Match the string "Item" against each line below, and copy every line that matches.

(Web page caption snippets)

****

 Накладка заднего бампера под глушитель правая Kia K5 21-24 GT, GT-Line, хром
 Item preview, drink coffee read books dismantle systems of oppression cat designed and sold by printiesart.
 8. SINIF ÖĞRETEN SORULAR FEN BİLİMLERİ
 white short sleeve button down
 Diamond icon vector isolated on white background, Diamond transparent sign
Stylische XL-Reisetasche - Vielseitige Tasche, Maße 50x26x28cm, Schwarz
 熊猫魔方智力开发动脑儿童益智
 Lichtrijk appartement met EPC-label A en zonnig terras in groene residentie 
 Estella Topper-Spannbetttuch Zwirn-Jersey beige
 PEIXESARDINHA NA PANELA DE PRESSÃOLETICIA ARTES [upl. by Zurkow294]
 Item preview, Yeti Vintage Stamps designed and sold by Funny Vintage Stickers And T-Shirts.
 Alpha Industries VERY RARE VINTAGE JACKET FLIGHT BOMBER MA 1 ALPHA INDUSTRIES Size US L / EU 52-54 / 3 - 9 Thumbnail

****

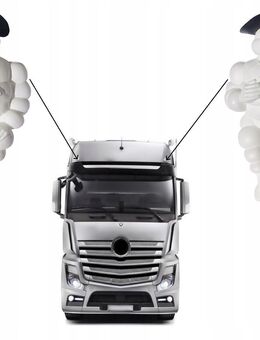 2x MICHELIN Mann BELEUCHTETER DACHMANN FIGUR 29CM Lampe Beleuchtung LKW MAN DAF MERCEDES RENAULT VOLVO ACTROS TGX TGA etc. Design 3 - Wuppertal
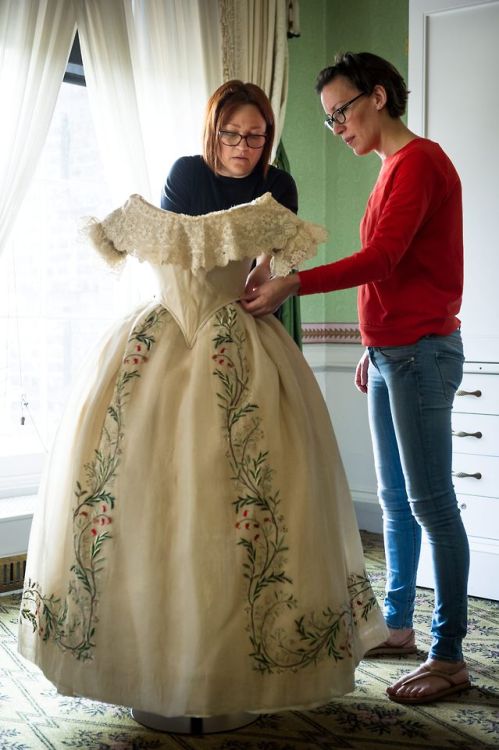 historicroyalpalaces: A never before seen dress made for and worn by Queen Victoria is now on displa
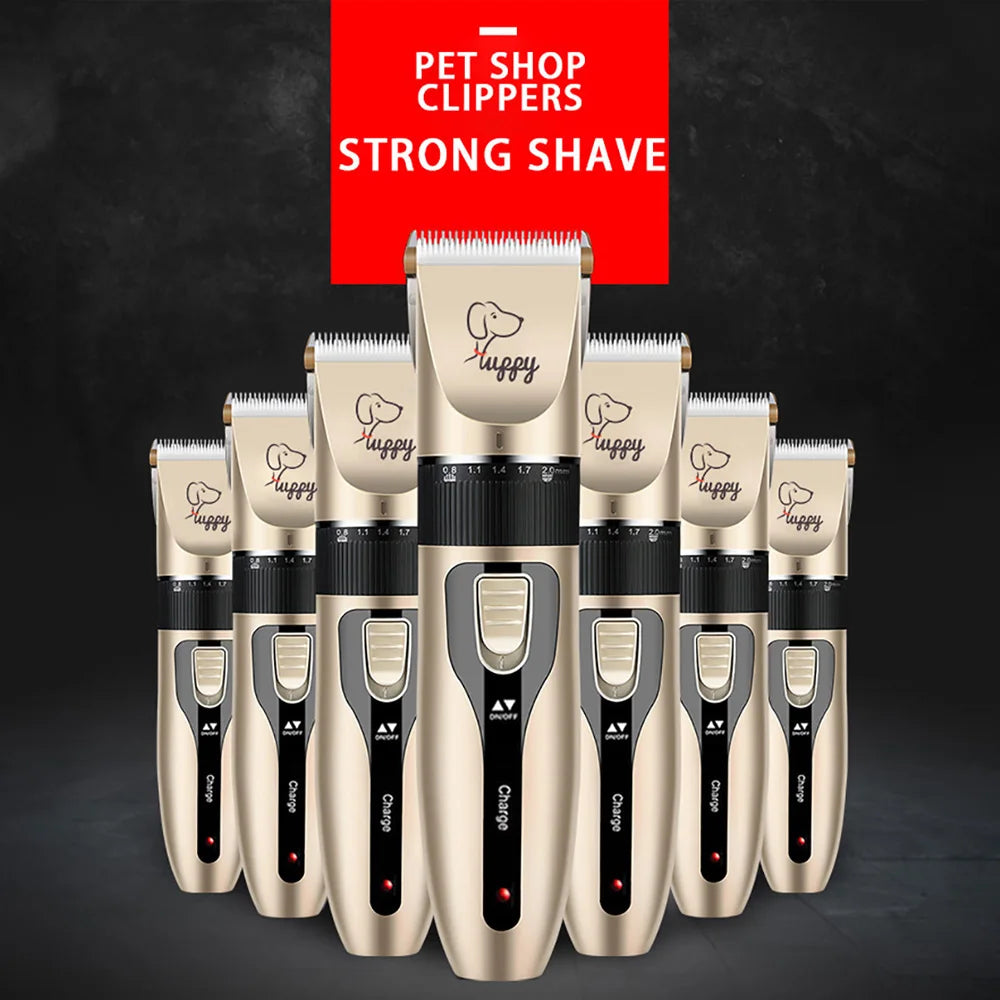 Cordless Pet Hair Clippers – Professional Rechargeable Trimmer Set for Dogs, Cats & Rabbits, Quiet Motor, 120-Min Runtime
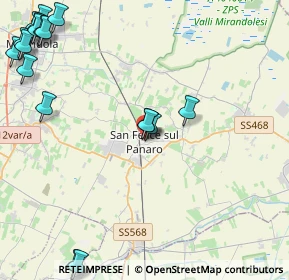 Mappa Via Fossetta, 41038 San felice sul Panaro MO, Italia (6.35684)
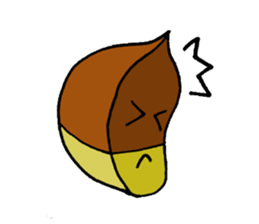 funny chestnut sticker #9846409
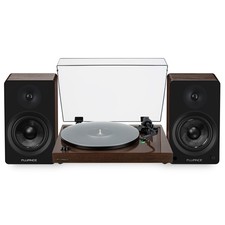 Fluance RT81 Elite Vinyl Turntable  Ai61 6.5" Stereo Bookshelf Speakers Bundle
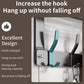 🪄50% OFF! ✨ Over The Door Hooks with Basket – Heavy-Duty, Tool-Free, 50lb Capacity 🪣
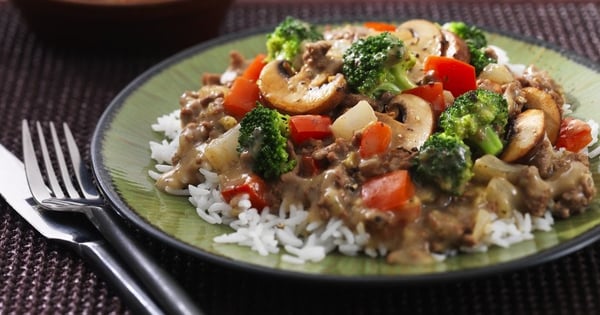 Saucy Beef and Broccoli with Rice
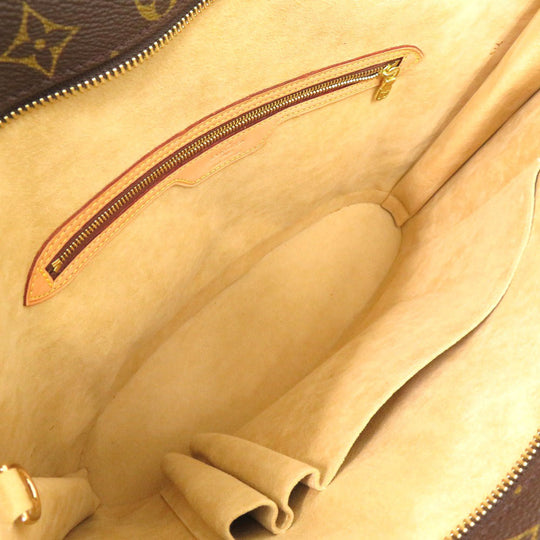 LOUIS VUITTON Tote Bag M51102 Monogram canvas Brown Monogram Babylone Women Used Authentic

****

* [RESPONSE]
 Item preview, drink coffee read books dismantle systems of oppression cat designed and sold by printiesart.
 Item preview, Yeti Vintage Stamps designed and sold by Funny Vintage Stickers And T-Shirts.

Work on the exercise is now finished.